Posted to dev@mahout.apache.org by "Jeff Eastman (JIRA)" <ji...@apache.org> on 2009/06/20 02:54:07 UTC

[jira] Commented: (MAHOUT-136) Change Canopy MR Implementation to use Vector Writable

    [ https://issues.apache.org/jira/browse/MAHOUT-136?page=com.atlassian.jira.plugin.system.issuetabpanels:comment-tabpanel&focusedCommentId=12722105#action_12722105 ] 

Jeff Eastman commented on MAHOUT-136:
-------------------------------------

r786738 committed the following changes.
- Modified CanopyMapper and CanopyReducer to produce and consume Canopy centroids as Writable values vs. previous formatStrings
- Modified CanopyMapper to specify SparseVector output from mapper
- Fixed null name hash() bug in SparseVector
- Modified Canopy.emitPointToExistingCanopies to emit only canopy id and not full serialized canopy. 
- This eliminates the need for the OutputDriver and OutputMapper in synthetic control example so they are deleted.
- Updated unit tests; all tests run
- Synthetic control example runs

NOTE: When passing Vectors between Map and Reduce steps using Writable format, Hadoop uses the *same instance* to do all of the deserializations.
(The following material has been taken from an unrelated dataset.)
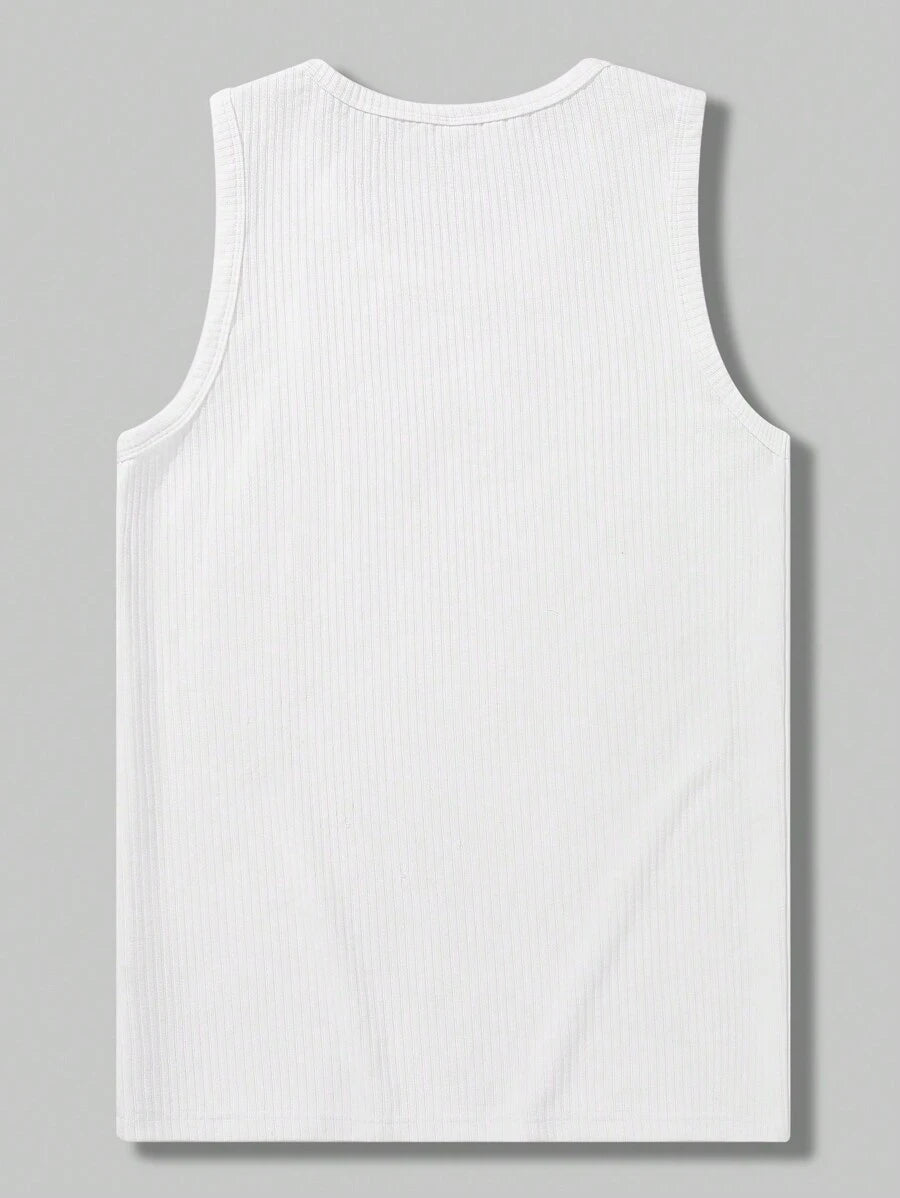 Men Solid Crew Neck Vest with structured hem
I had to change the Canopy constructors to clone() their center arguments so that the same instance would not be reused for multiple canopies.

> Change Canopy MR Implementation to use Vector Writable
> ------------------------------------------------------
>
>                 Key: MAHOUT-136
>                 URL: https://issues.apache.org/jira/browse/MAHOUT-136
>             Project: Mahout
>          Issue Type: Improvement
>          Components: Clustering
>    Affects Versions: 0.1
>            Reporter: Jeff Eastman
>            Assignee: Jeff Eastman
>             Fix For: 0.1
>
>
> Internal serialization of Canopy currently uses asFormatString rather than just making the Canopy writable. This is storage inefficient.

-- 
This message is automatically generated by JIRA.
-
You can reply to this email to add a comment to the issue online.

Re: [jira] Commented: (MAHOUT-136) Change Canopy MR Implementation to use Vector Writable

Posted by Grant Ingersoll <gs...@apache.org>.

So, are we to make these changes on all the Mappers/Reducers?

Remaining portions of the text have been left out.